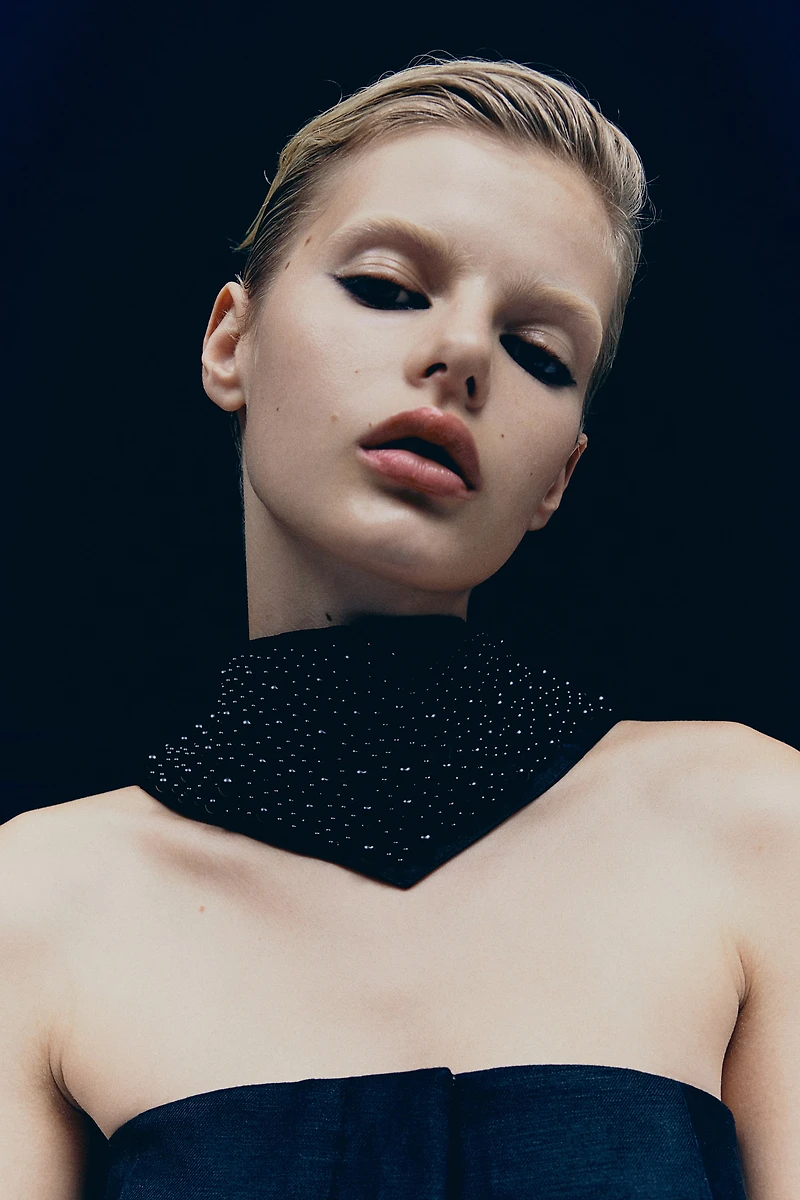 Foulard en satin orné de perles fantaisie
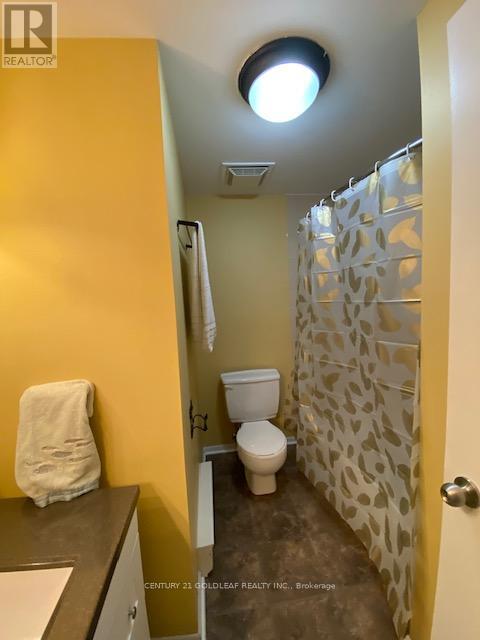 11 - 1342 Cedarcroft Crescent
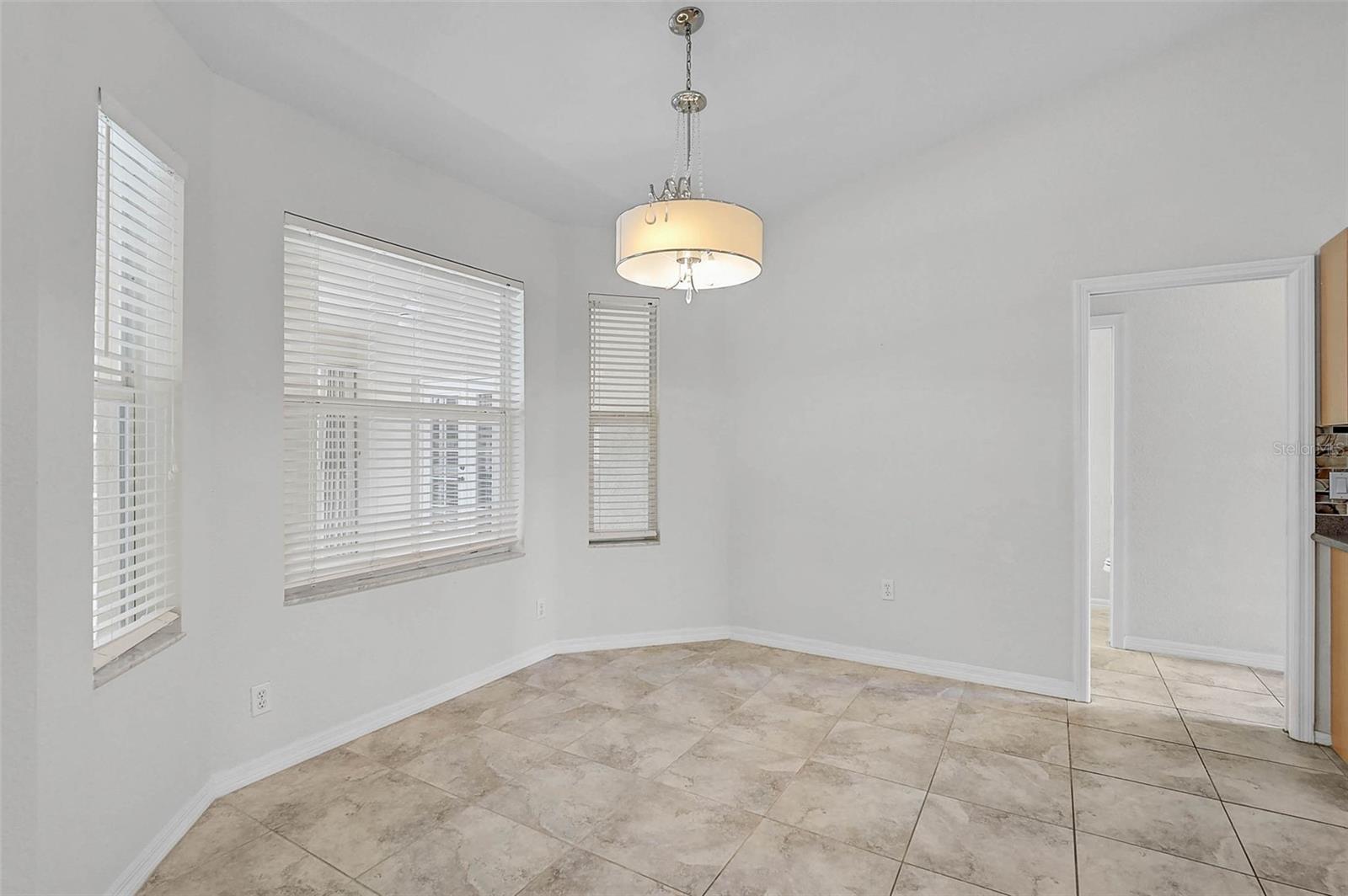 Image 11 of 41 For 950 Elwood Avenue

Required work: Before writing out the material above, please remove its pictures; everything else stays exact.

Reply:
 Foulard en satin orné de perles fantaisie
 11 - 1342 Cedarcroft Crescent
 Image 11 of 41 For 950 Elwood Avenue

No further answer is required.